DVD Ripping and Cataloguing
Yes, it’s illegal in this country. I know that. But, to be honest, I don’t care. I’m not doing it to make illegal copies or anything, I’m doing it because I want to have a great Home Cinema setup. So far I’ve ripped about 50 DVD’s that were lying around the house using DVD43 and DVD Shrink. There are a couple of stuborn titles that required AnyDVD instead but for the most part it’s been a successful venture. Any films I get from my subscription service also get ripped rather than watched immediately.
A 1TB dedicated hard drive can hold around 200 titles. When I finally get round to purchasing or building a Windows Home Server, endless expandable storage will be available for just the cost of a new disk thanks to the way WHS handles drive space.

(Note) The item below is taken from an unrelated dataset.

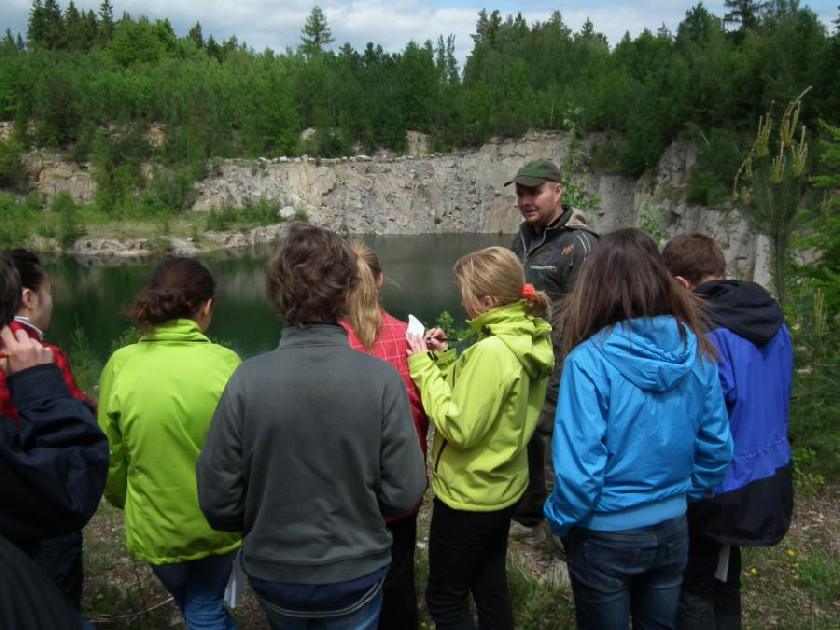 V lomu na žulu ve Zderazi u ProseÄe.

Instead of individual drives showing up as C:, D:, E: etc it bundles them all together and the combined capacity of your 3 (or however many drives) shows up as C:. It’s not as dangerous as RAID-0, as individual folders (such as your DVD folder!) can be set to ‘duplicate’, and WHS will then store your rips on more than 1 of the drives. If one of the drives fails, just pop in a new one and WHS will rebuild. Super duper.
The problem I’m now facing is keeping track of what I’ve already ripped, what we already own on DVD and so on. I’m pondering setting up a new service to do precisely this, that will be available to everyone on the net. It’ll integrate (one day) with the NetFlix API so you can ‘authorize’ my service to add titles to your queue from just a button push from you, e.g. the “Top 10″ titles on my service you go down and think “Yeah, I want to see that!”, one click and it’s in your queue. The same for LoveFiLM users in the UK (when they finally finish their API).
Fun times ahead!



May 28th, 2009 at 1:06 am
I am really looking forward to the catalog service. That will be very useful for the family collection.